Algo que podríamos hacer para afianzar nuestra posición en el mundo, además de fortalecer nuestra economía y reactivar la relación de México con el mundo, es consolidar nuestro “poder suave” (soft-power). Este concepto, introducido por el profesor de Harvard Joseph Nye, en 1990, se refiere a la habilidad de los países de atraer y convencer en lugar de coaccionar mediante la fuerza (poder duro). Para un país con poder suave es fácil sumar a socios a sus causas, generar simpatías y conseguir apoyos, incluso entre sectores de países con gobiernos hostiles. Esto se hace con la promoción de la cultura, con la adopción de valores políticos positivos y consistentes, y con diplomacia fina. El poder suave se trata, sobre todo, de tener credibilidad.

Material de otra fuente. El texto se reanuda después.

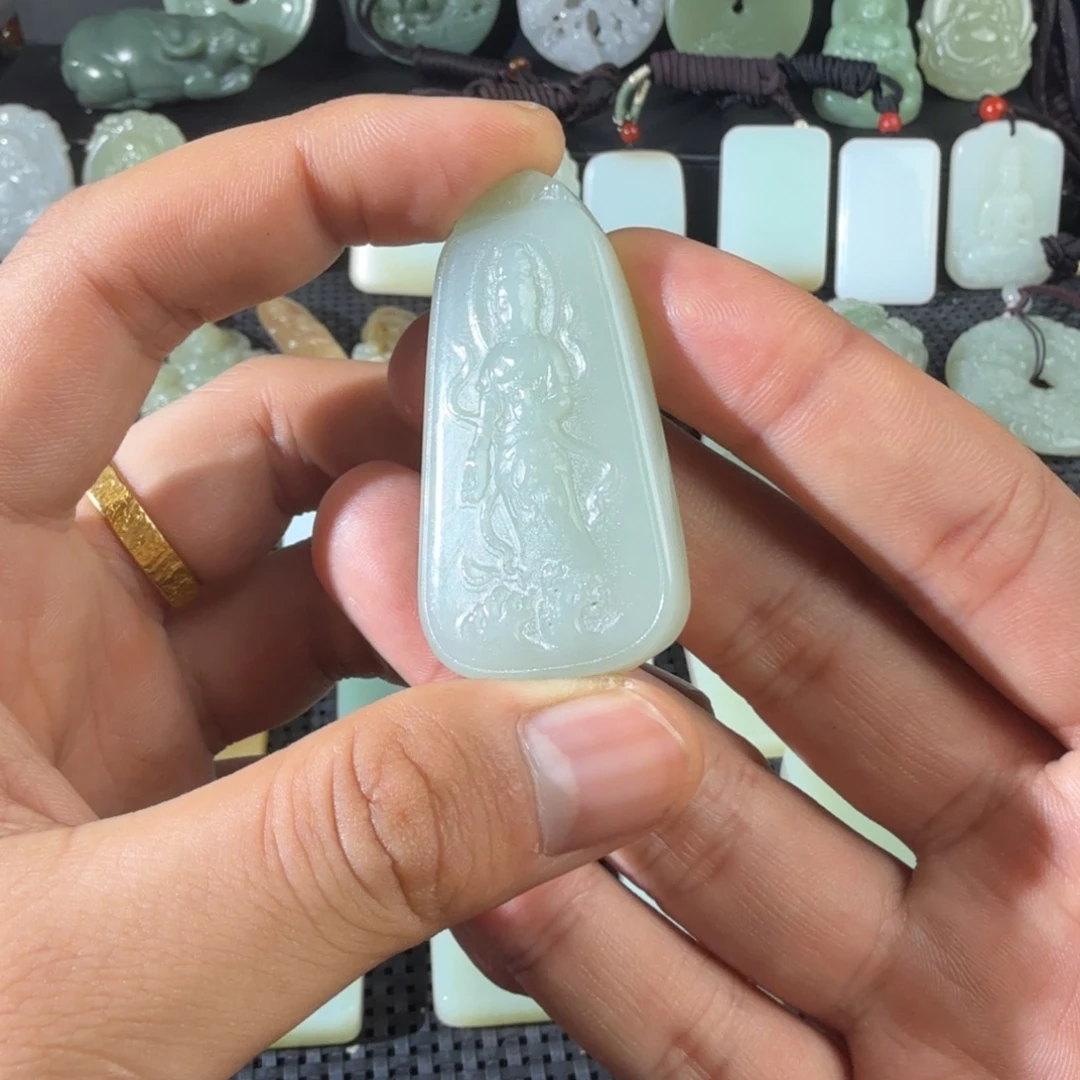 和田玉未镶嵌颈饰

Muchos países cuentan con iniciativas de fortalecimiento de su posición de poder suave. Me refiero a iniciativas como la Società Dante Alighieri de Italia, la Alliance Française, el British Council, el Instituto Cervantes de España, el Instituto Camões de Portugal y el Instituto Confucio de China, por mencionar sólo a las iniciativas más famosas y visibles. México debe sumarse con una versión de esas iniciativas, aprovechando el gran interés que existe en otros países sobre la historia, la arqueología, la cultura, el arte y la gastronomía mexicanas. Sin muchos recursos y con esquemas que pueden ser autofinanciables, es posible organizar en otros países cursos sobre cocina mexicana, elaboración de artesanías y manualidades, danzas folclóricas, música tradicional e historia de las culturas mesoamericanas. Todas estas actividades podrían realizarse en institutos creados para la difusión de la cultura mexicana, con el apoyo de la sociedad e iniciativa privada nacional, desplegados en grandes capitales y ciudades del mundo, con un enfoque estratégico.
Creo, como muchos, en la grandeza de México. Pero esa grandeza no se cultiva idealizando nuestro pasado, ni en el aislamiento ni insistiendo en tomar malas decisiones económicas. Esa es nuestra debilidad. La grandeza se construye creciendo y fortaleciendo los lazos de amistad y comunicación con el mundo.